*DIRECTIONS FOR THIS TASK:*
Omitting all images, give the entries that follow again exactly as they read.

= = = =

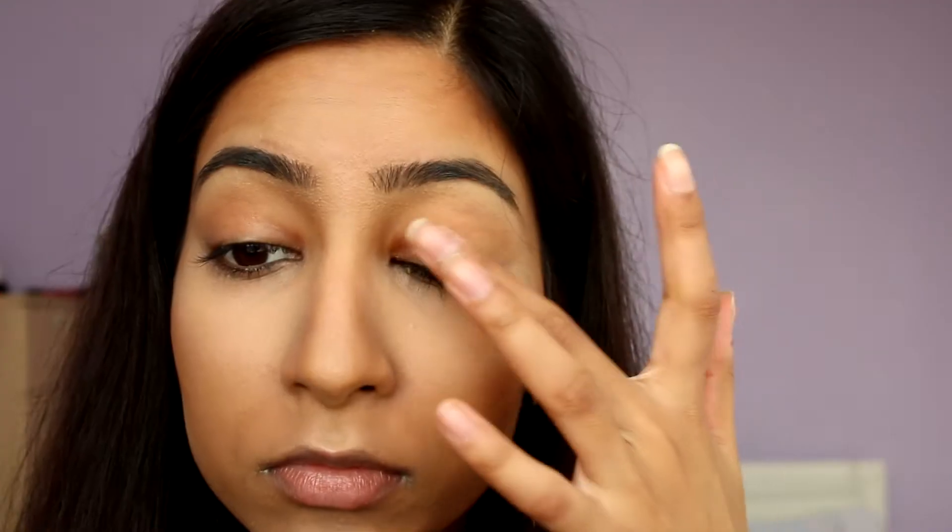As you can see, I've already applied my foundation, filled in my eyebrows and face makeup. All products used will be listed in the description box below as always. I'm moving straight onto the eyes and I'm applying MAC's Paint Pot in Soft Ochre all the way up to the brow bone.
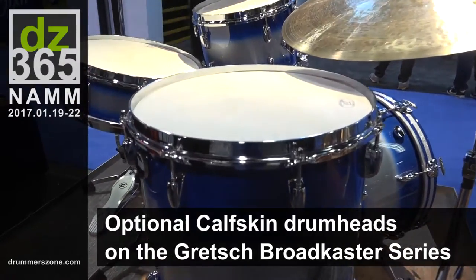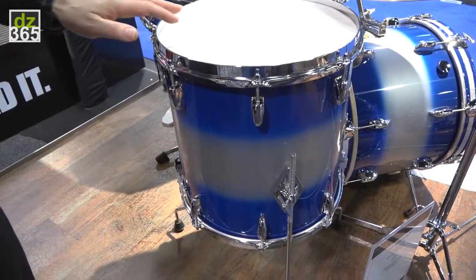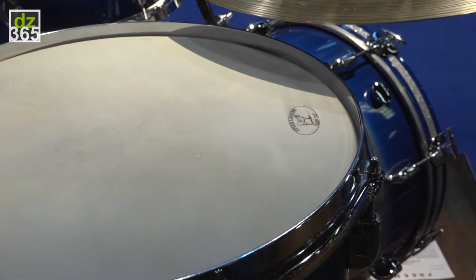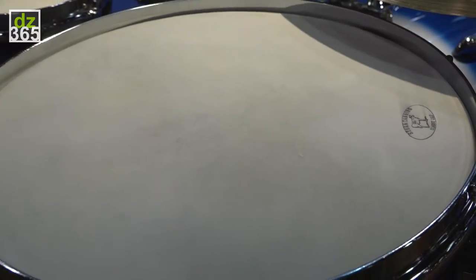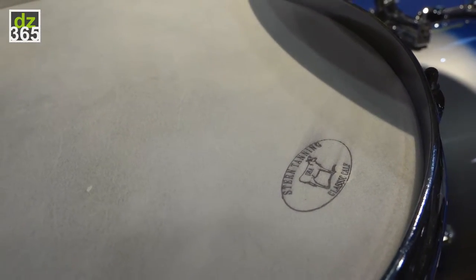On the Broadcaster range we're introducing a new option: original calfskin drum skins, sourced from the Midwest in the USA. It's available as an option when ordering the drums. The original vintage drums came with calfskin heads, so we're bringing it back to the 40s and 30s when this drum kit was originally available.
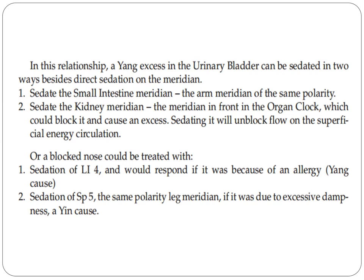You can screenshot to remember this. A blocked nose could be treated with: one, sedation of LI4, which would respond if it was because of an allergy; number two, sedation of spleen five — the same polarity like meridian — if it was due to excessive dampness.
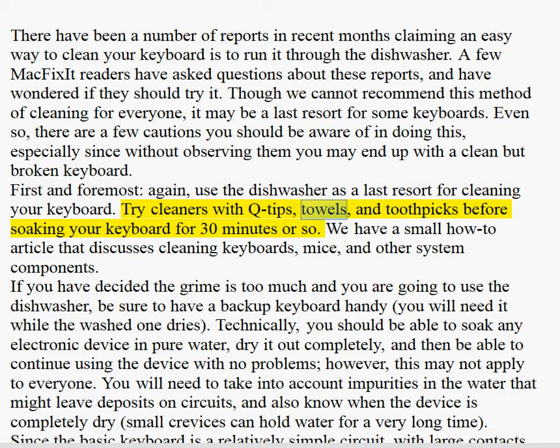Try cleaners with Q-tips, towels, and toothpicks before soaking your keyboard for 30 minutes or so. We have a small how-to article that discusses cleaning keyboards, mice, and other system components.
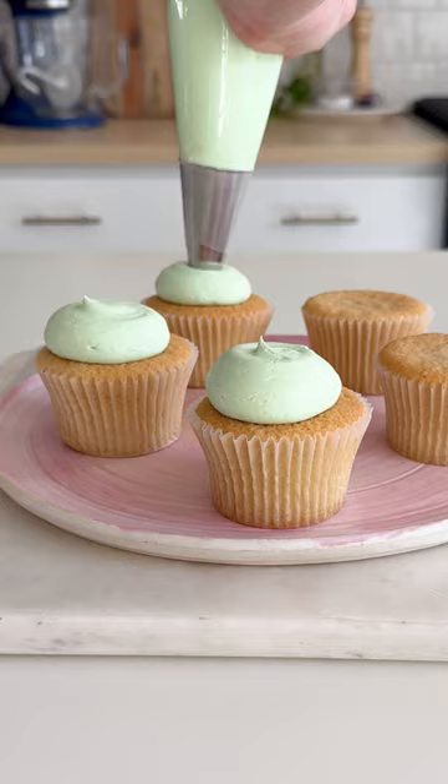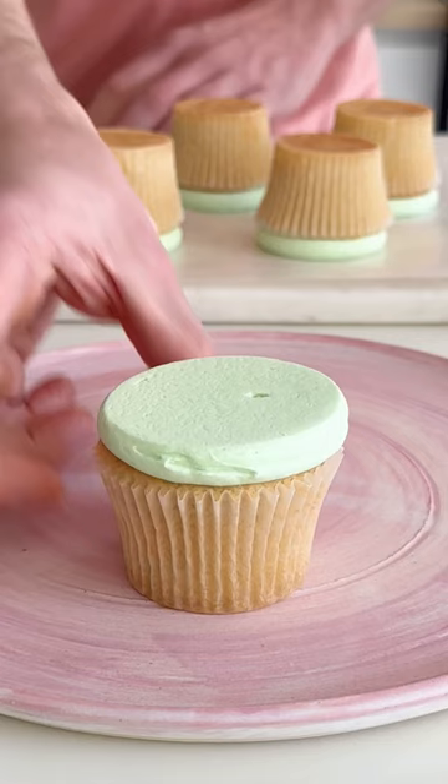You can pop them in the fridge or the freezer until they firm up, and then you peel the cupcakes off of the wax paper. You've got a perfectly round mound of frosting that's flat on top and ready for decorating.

= = = =

*RESPONSE TO THIS EXERCISE:*
As you can see, I've already applied my foundation, filled in my eyebrows and face makeup. All products used will be listed in the description box below as always. I'm moving straight onto the eyes and I'm applying MAC's Paint Pot in Soft Ochre all the way up to the brow bone.
On the Broadcaster range we're introducing a new option: original calfskin drum skins, sourced from the Midwest in the USA. It's available as an option when ordering the drums. The original vintage drums came with calfskin heads, so we're bringing it back to the 40s and 30s when this drum kit was originally available.
You can screenshot to remember this. A blocked nose could be treated with: one, sedation of LI4, which would respond if it was because of an allergy; number two, sedation of spleen five — the same polarity like meridian — if it was due to excessive dampness.
Try cleaners with Q-tips, towels, and toothpicks before soaking your keyboard for 30 minutes or so. We have a small how-to article that discusses cleaning keyboards, mice, and other system components.
You can pop them in the fridge or the freezer until they firm up, and then you peel the cupcakes off of the wax paper. You've got a perfectly round mound of frosting that's flat on top and ready for decorating.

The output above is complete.